The reconstruction-based method mainly uses the imaging process of low-resolution (LR) images to build a model and proposes a series of constraints on the reconstructed image. The classic algorithms mainly include the iterative backward projection (IBP) [6], projection onto convex sets (POCS) [7], and Bayesian maximum a posteriori (MAP) [8], among which, the MAP method is the most widely used, usually with a regular term [9] to build a MAP solution framework. As for the total variation (TV) regular method [10], it is believed that the total variation of a noisy image is always greater than the total variation of a pure image, so the problem of suppressing noise in reconstruction is solved by constraining the total variation of the image; in general total variation (GTV) regularization [11], the distance relationship between the point of interest and the domain is further accurately described. Gradually, more reasonable and effective regularized [12, 13] image models are used for super-resolution restoration of images. Reconstruction-based SISR algorithms are insufficient in utilization of the prior information of the image itself. Most of these methods use some prior knowledge of the image’s edge and local smoothness to form constraints, and then use iterative algorithms to solve the optimization problem, but when the magnification is large, the reconstructed image is often too smooth, which lacks sharpness.

The learning-based method mainly learns the mapping relationship between the LR and HR images by training on the training set in advance and uses the learned mapping relationship to restore the high-resolution image. Learning-based SISR algorithm was first developed by Freeman et al. [14] and then applied by Baker et al. [15] to reconstruct the face image. Super-resolution reconstruction based on clustering [16, 17] has achieved good results, and the method of learning based on the sparse representation [18, 19] is the most widely used; reference [20] improves image feature extraction and dimensionality reduction during dictionary training so that the reconstructed image retains more high-frequency detail information; reference [21] proposes the sparse representation of the sample database composed of the low-resolution and high-resolution sample image blocks, and the over-complete dictionary corresponding to the training image pair is used. In recent years, super-resolution restoration using deep learning has begun to appear. Reference [22] proposes that the three-layer convolution corresponds to the extraction of image blocks, feature non-linear mapping, and final reconstruction. The interpolation-enlarged LR image is input to reconstruct the image. A method of feedback residual network based on deep edge guidance is proposed in reference [23], and images are trained according to different frequency bands and routes through recursive residual network. Reference [24] puts forward the idea of using residual learning to implement image reconstruction; Reference [25] conducts a convolution operation on a low-resolution image and finally performs an upsampling operation at the end of the network, that is, an operation to improve the resolution; in reference [26], the idea of generative confrontation is introduced into super-resolution, and a confrontation network and a discrimination network are used to simulate the confrontation. The discrimination network is used to judge the predicted high-resolution image generated by the generation network. However, these learning-based SISR techniques require sufficient HR training examples in order to perform properly and generalize well. In addition, they usually tend to overfit quickly due to the models’ complexity and the lack of training data.

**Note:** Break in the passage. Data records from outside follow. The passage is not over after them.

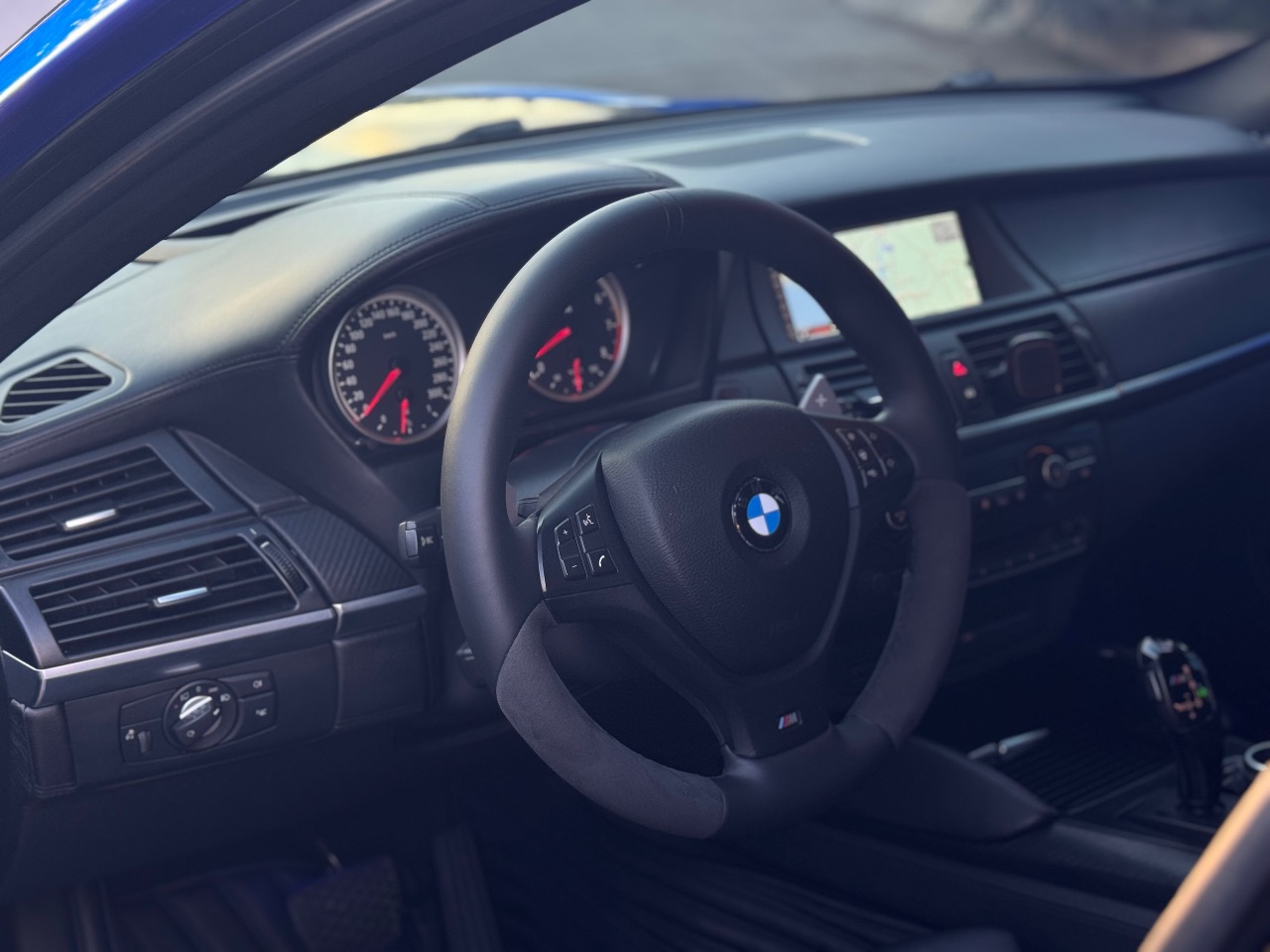 BMW X6 M - фото 7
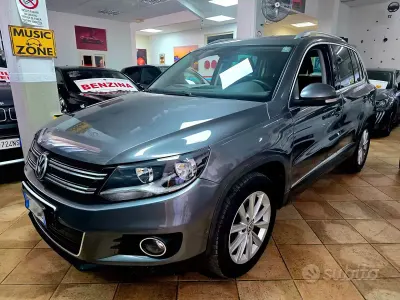 Usata VW Tiguan Sportline 140 CV (102 kW) 2013 Grigio SUV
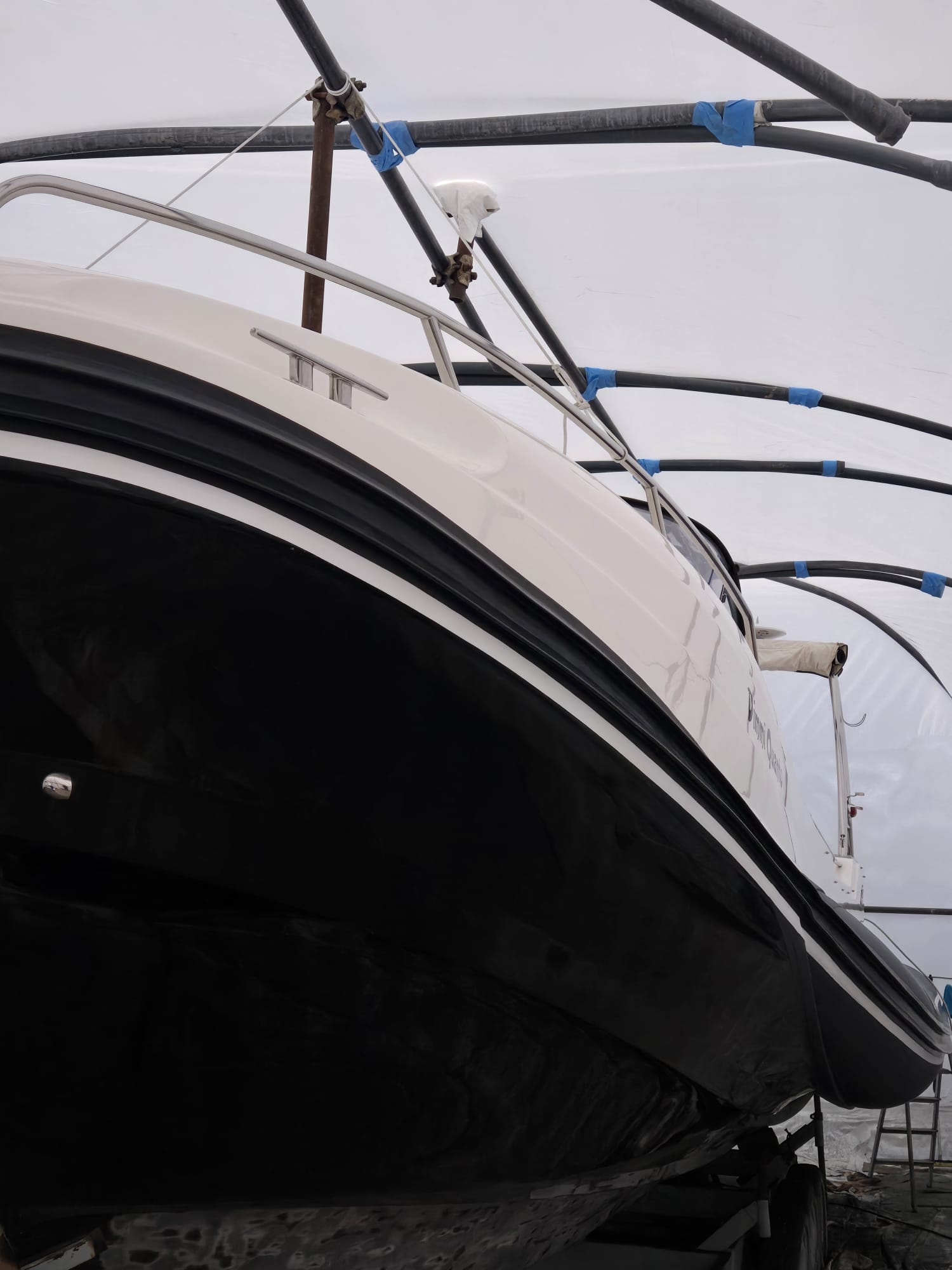 2010 Zar Formenti 97 Skydeck en alquiler (photo 9)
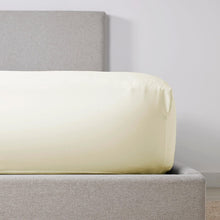 Load image into Gallery viewer, Vanilla Bean Sheet Set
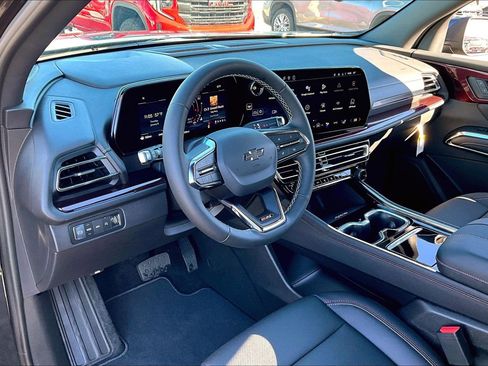 New 2026 Chevrolet Traverse Z71 w/ Driver Confidence Package image 6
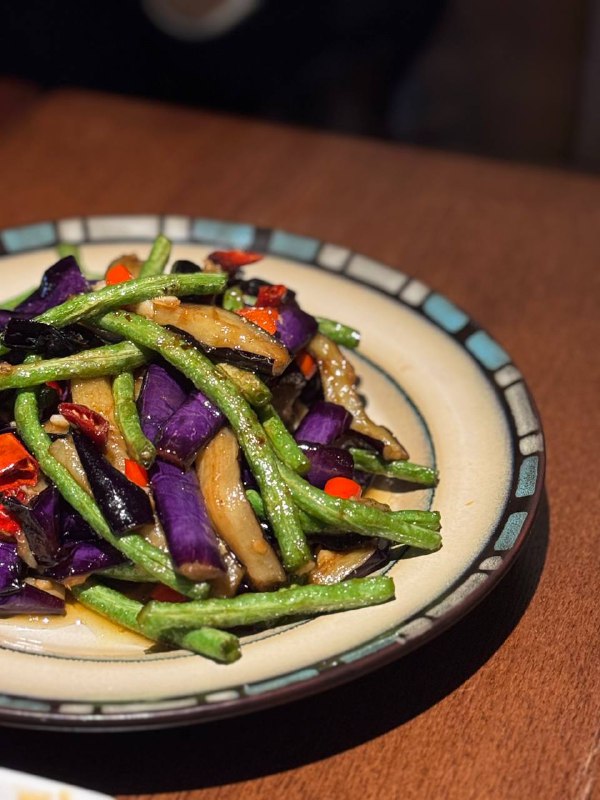 #Life #Food🐟 角该餐厅📍 杭州·拱墅·莫干山路隐秀银座地下一层（什么甜对面）💰 人均：¥80大悦城对面隐秀江南的一家融合餐馆
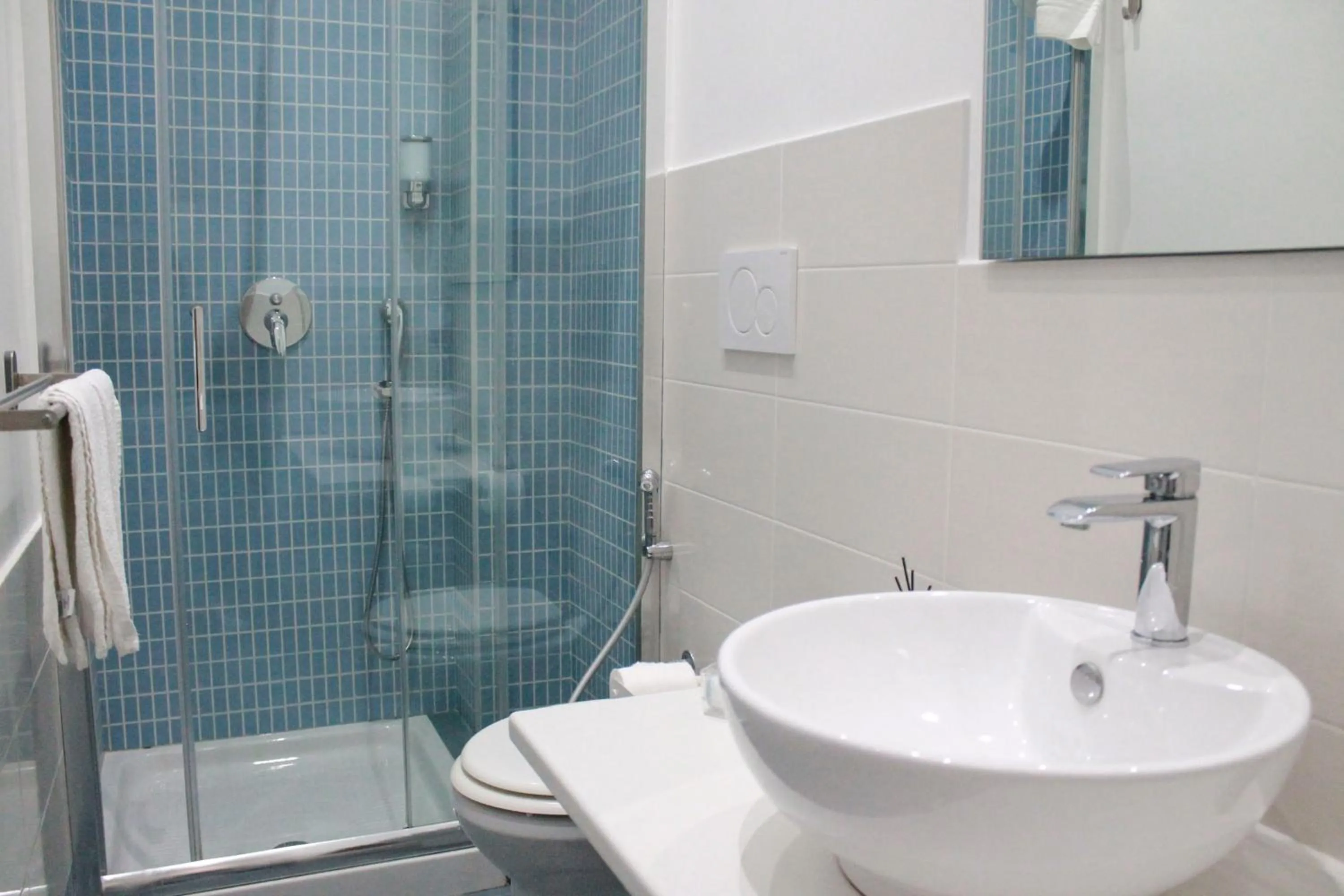 Bathroom in Mascalzone latino luxury rooms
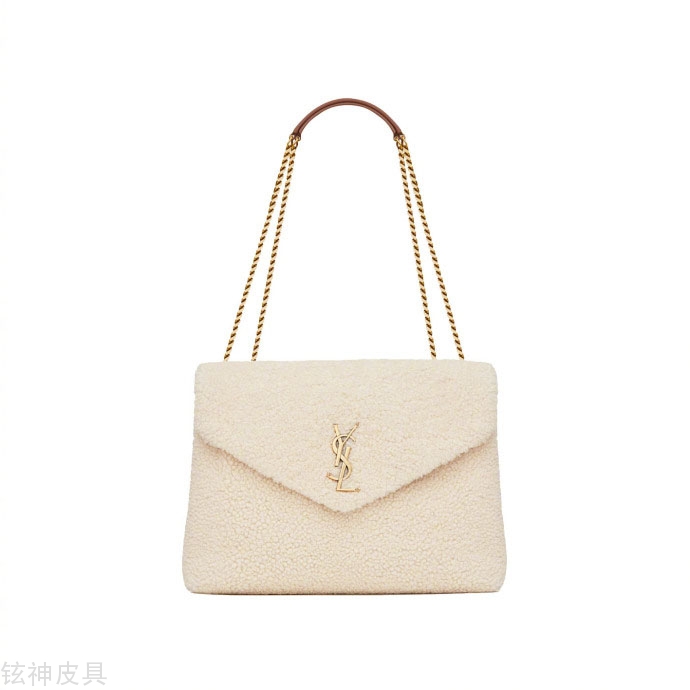 每年冬天都得有一个毛茸茸的包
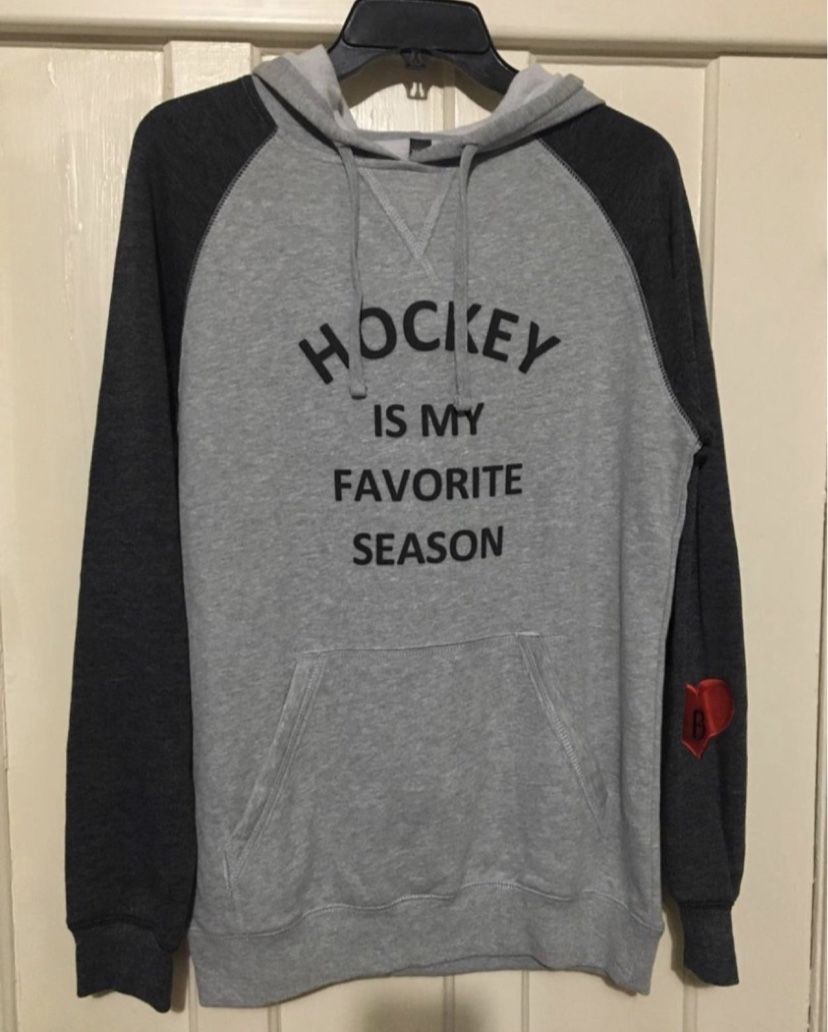 HOCKEY IS MY FAVORITE SEASON MEN’S HOODIE SIZE S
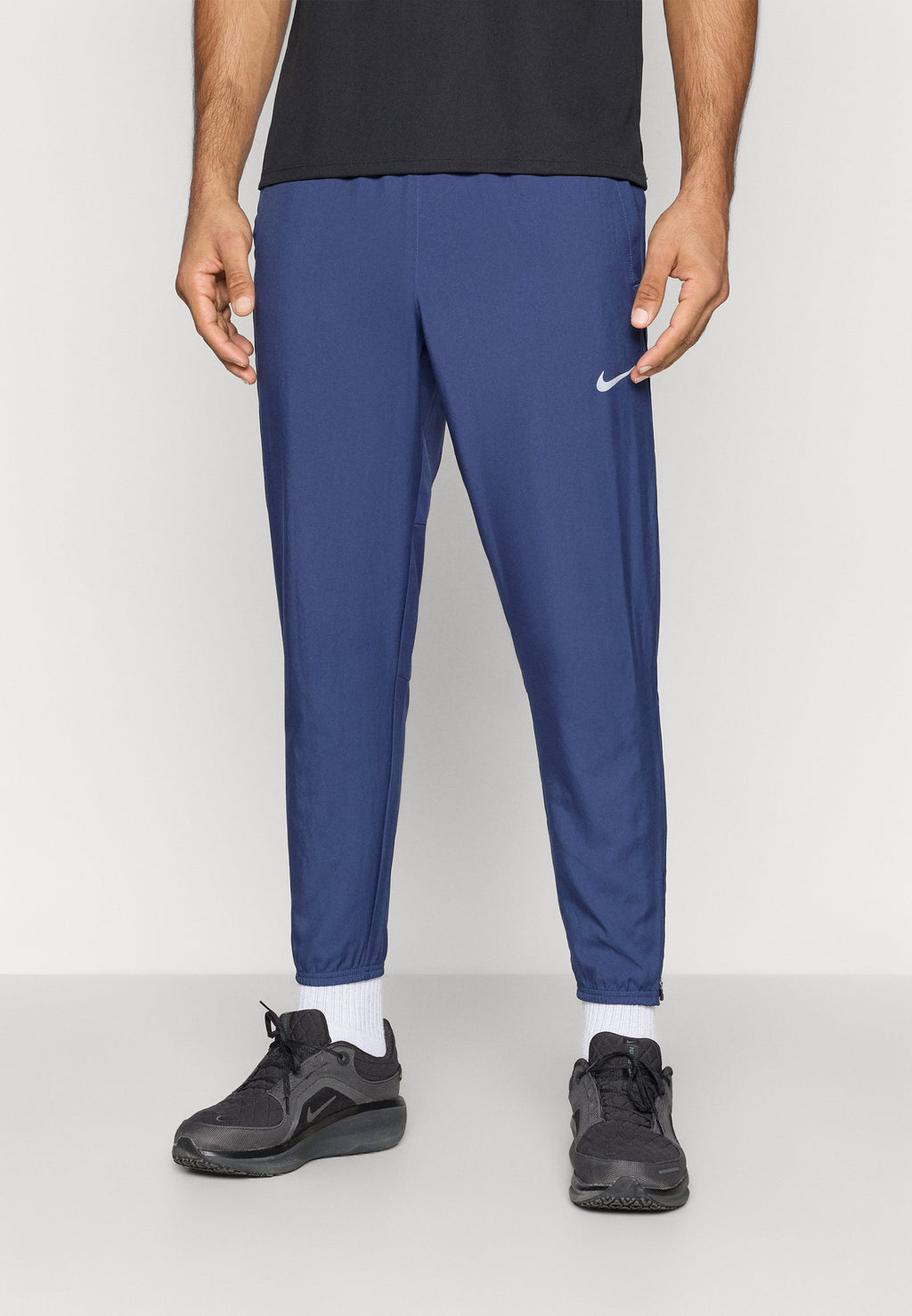 M NK DF CHALLENGR WVN PANT - Tracksuit bottoms - midnight navy/black/reflective silver-coloured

To overcome the problems mentioned above, we propose a novel fusion SR method named IDRRN in this paper. A recursive residual network is introduced into the super-resolution restoration of remote sensing images. In this network model, global residual learning and local residual learning are introduced to reduce the difficulty of training deep networks, and a recursive block composed of residual units is used. To learn the residual image between high-resolution and low-resolution images, we can boost the accuracy by increasing the network depth without adding any weight parameters. Without loss of image restoration quality, the deep learning model is improved to make its network structure more concise and compact. By connecting multiple secondary filters in the deep network, the accuracy is significantly improved. This model uses local residual learning instead of global residual learning to train deep networks, which is more conducive to information transmission and gradient flow. The infusion of a recursive structure in the residual block reduces the parameters and makes the model more compact. Taking the uninterpolated LR image as input, and finally using the deconvolution layer at the end of the network to directly upsample to the SR output image, the calculation complexity is greatly reduced.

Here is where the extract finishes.